Print a faithful copy of the data below, word for word, with the pictures left out.

EXTRACTED ENTRIES section start

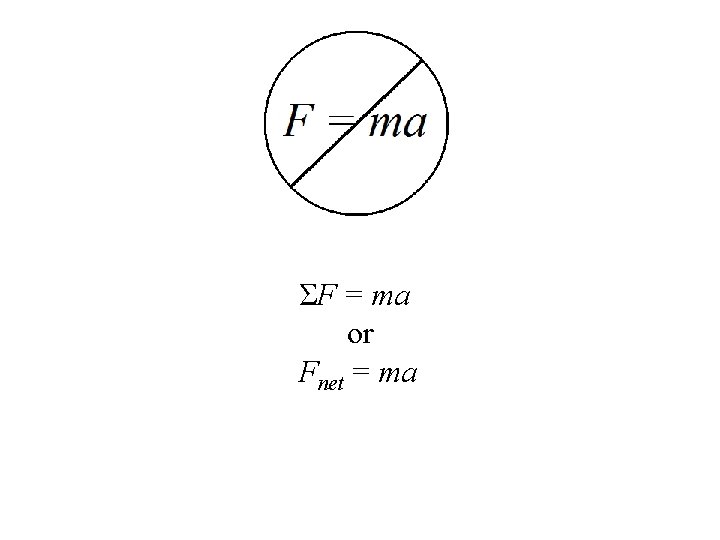 ΣF = ma or Fnet = ma 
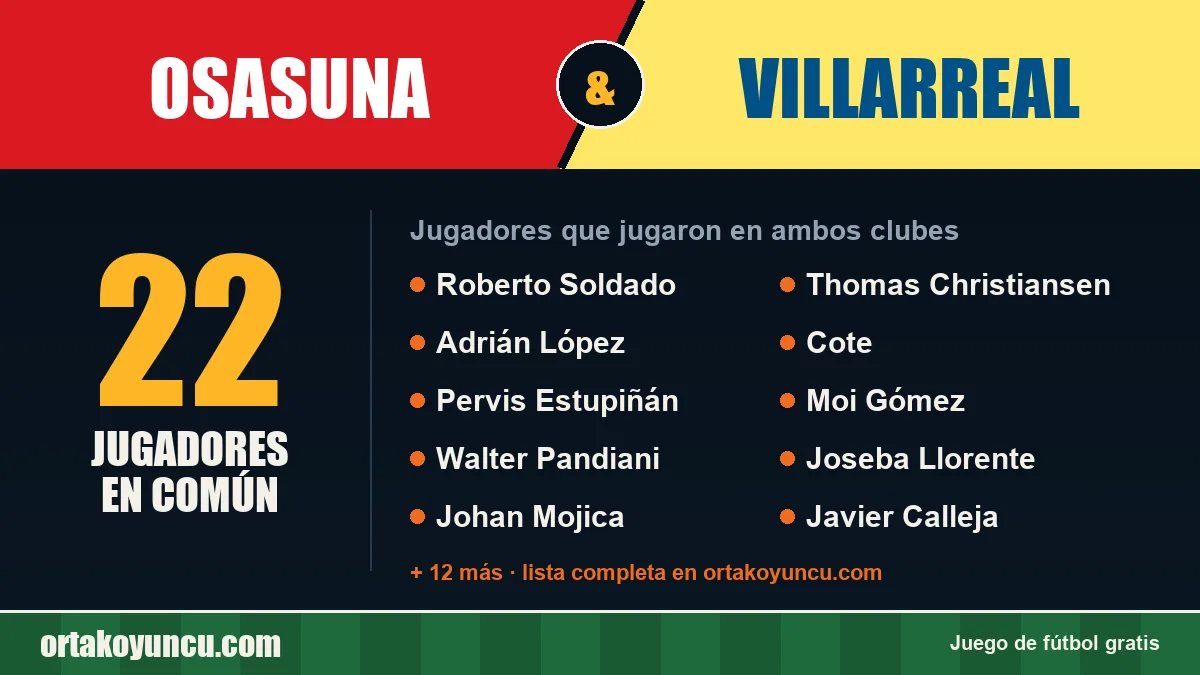 Jugadores que jugaron en Osasuna y Villarreal: 22 jugadores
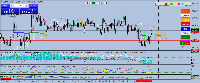 Graphique EURCHF, M15, 2025.04.21 18:05 UTC, Moneta Markets Limited, MetaTrader 4, Demo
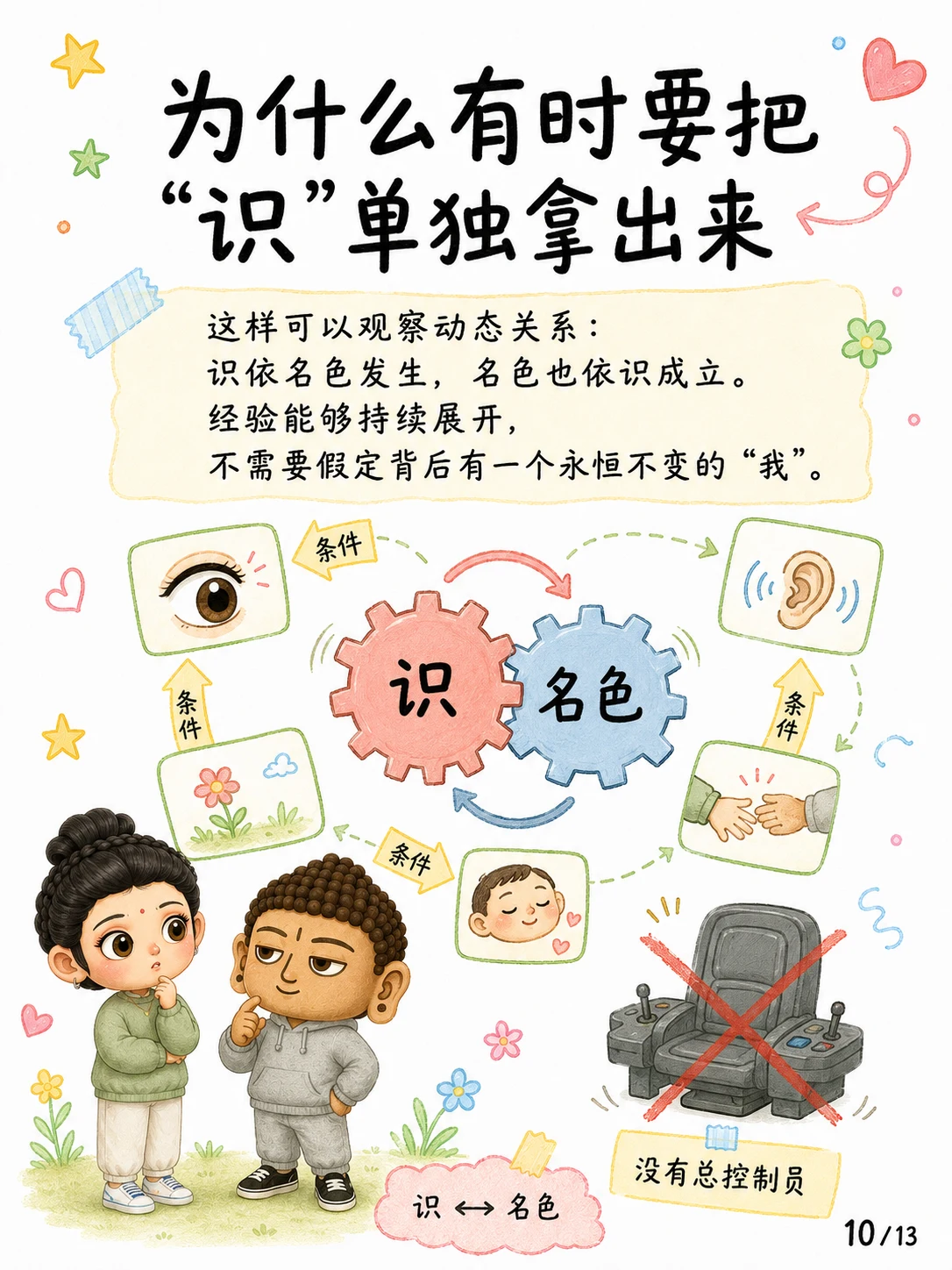 《名与色，不等于身与心》漫画第 10 页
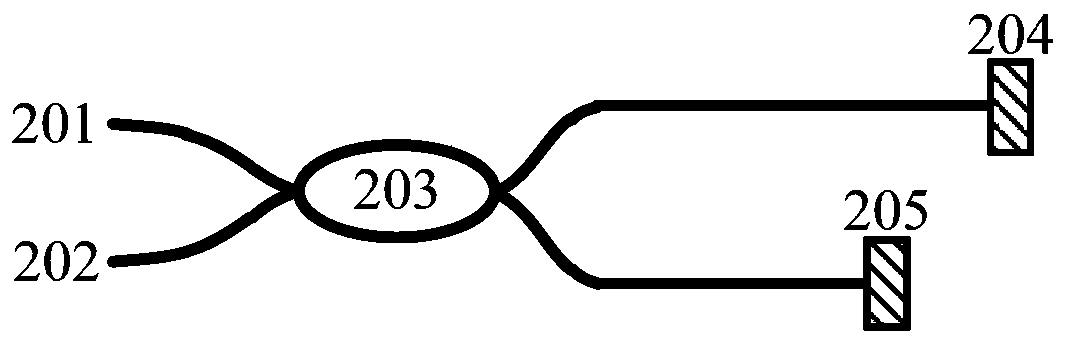 Quantum key distribution phase encoder/decoder, corresponding encoding/decoding device and system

EXTRACTED ENTRIES section end

▸ **EXERCISE SOLUTION**
 ΣF = ma or Fnet = ma 
 Jugadores que jugaron en Osasuna y Villarreal: 22 jugadores
 Graphique EURCHF, M15, 2025.04.21 18:05 UTC, Moneta Markets Limited, MetaTrader 4, Demo
 《名与色，不等于身与心》漫画第 10 页
 Quantum key distribution phase encoder/decoder, corresponding encoding/decoding device and system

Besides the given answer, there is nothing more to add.